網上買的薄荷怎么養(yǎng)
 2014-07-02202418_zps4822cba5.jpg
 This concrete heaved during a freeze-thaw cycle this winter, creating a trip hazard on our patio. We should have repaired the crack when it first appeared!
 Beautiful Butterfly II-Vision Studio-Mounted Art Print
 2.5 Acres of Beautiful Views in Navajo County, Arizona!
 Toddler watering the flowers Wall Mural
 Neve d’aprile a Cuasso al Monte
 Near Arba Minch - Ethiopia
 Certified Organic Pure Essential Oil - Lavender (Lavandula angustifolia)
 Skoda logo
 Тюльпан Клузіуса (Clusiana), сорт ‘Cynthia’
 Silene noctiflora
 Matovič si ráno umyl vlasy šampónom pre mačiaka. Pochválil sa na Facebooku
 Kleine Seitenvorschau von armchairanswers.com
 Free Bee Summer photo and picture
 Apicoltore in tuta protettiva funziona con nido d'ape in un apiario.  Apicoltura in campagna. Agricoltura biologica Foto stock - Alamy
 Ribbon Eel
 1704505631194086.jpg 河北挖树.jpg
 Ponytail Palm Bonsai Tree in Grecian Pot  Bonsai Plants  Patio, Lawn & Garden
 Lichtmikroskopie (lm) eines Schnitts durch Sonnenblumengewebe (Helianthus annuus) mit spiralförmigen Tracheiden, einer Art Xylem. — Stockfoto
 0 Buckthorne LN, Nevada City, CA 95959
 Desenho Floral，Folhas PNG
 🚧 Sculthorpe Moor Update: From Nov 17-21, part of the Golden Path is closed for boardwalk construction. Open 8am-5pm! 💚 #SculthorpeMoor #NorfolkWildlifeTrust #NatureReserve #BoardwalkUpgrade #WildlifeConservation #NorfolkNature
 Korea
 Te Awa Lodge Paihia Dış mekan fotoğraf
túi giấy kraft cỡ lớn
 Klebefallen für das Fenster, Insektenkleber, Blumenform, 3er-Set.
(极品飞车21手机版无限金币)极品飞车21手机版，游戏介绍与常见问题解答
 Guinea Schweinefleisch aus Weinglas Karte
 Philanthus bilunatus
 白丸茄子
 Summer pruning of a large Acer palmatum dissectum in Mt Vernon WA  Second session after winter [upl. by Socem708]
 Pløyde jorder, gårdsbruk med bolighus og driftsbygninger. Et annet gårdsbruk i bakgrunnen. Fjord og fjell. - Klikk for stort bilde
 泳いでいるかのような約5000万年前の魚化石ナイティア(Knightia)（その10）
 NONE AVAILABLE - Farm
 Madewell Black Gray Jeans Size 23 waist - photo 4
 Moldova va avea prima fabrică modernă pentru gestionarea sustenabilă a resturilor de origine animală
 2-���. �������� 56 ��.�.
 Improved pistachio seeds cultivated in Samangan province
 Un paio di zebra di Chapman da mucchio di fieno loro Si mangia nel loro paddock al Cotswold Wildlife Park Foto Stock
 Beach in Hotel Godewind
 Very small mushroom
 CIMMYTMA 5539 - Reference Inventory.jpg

WHAT TO WORK ON:
Reproducing the whole listing above is not the task. Copy exactly only the lines from the one with "#BoardwalkUpgrade #WildlifeConservation #NorfolkNature" to the one with "Madewell Black Gray", both kept.

SOLUTION FOR THIS TASK:
 🚧 Sculthorpe Moor Update: From Nov 17-21, part of the Golden Path is closed for boardwalk construction. Open 8am-5pm! 💚 #SculthorpeMoor #NorfolkWildlifeTrust #NatureReserve #BoardwalkUpgrade #WildlifeConservation #NorfolkNature
 Korea
 Te Awa Lodge Paihia Dış mekan fotoğraf
túi giấy kraft cỡ lớn
 Klebefallen für das Fenster, Insektenkleber, Blumenform, 3er-Set.
(极品飞车21手机版无限金币)极品飞车21手机版，游戏介绍与常见问题解答
 Guinea Schweinefleisch aus Weinglas Karte
 Philanthus bilunatus
 白丸茄子
 Summer pruning of a large Acer palmatum dissectum in Mt Vernon WA  Second session after winter [upl. by Socem708]
 Pløyde jorder, gårdsbruk med bolighus og driftsbygninger. Et annet gårdsbruk i bakgrunnen. Fjord og fjell. - Klikk for stort bilde
 泳いでいるかのような約5000万年前の魚化石ナイティア(Knightia)（その10）
 NONE AVAILABLE - Farm
 Madewell Black Gray Jeans Size 23 waist - photo 4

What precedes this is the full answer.